WHAT IS EXPECTED - All entries are to be copied exactly, with pictures removed.

INFORMATION SUPPLIED Block Start

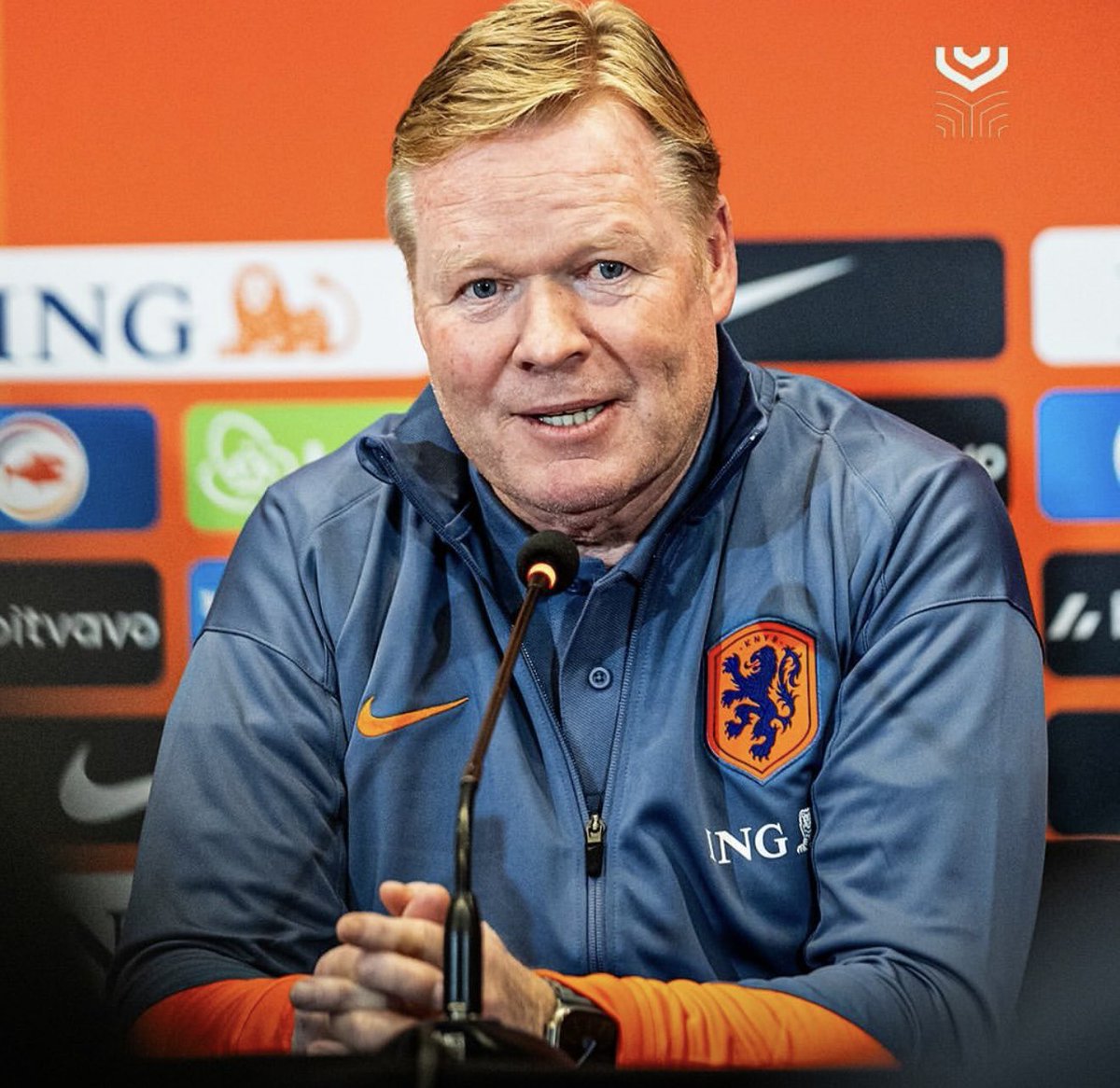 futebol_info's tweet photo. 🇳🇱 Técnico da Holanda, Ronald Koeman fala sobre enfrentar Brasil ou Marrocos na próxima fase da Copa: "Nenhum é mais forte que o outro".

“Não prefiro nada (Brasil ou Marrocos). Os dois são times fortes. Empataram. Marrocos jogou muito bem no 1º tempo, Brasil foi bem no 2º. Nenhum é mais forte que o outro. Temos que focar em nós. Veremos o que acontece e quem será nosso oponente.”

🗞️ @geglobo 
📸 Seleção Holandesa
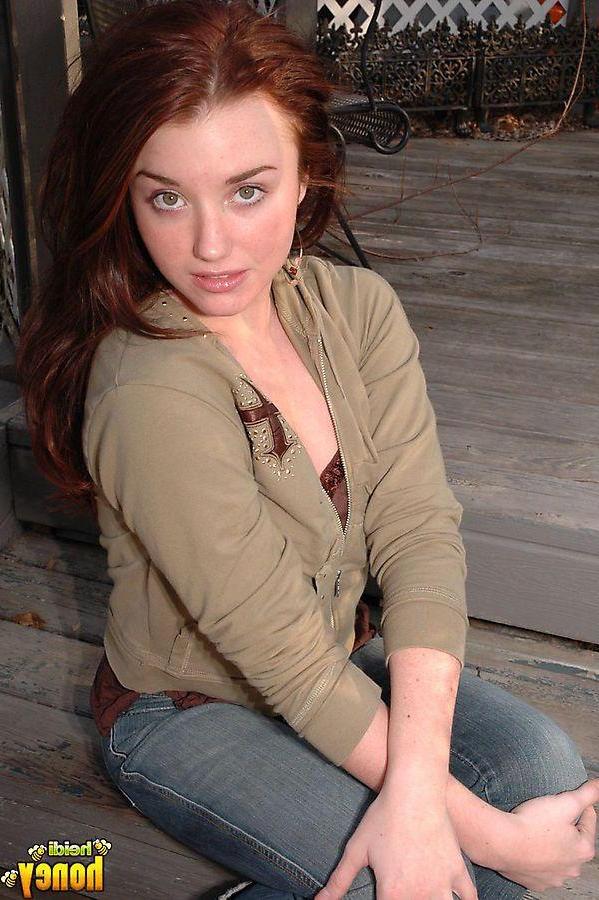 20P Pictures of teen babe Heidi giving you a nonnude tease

INFORMATION SUPPLIED Block End

RESPONSE TO THE TASK -
 futebol_info's tweet photo. 🇳🇱 Técnico da Holanda, Ronald Koeman fala sobre enfrentar Brasil ou Marrocos na próxima fase da Copa: "Nenhum é mais forte que o outro".

“Não prefiro nada (Brasil ou Marrocos). Os dois são times fortes. Empataram. Marrocos jogou muito bem no 1º tempo, Brasil foi bem no 2º. Nenhum é mais forte que o outro. Temos que focar em nós. Veremos o que acontece e quem será nosso oponente.”

🗞️ @geglobo 
📸 Seleção Holandesa
 20P Pictures of teen babe Heidi giving you a nonnude tease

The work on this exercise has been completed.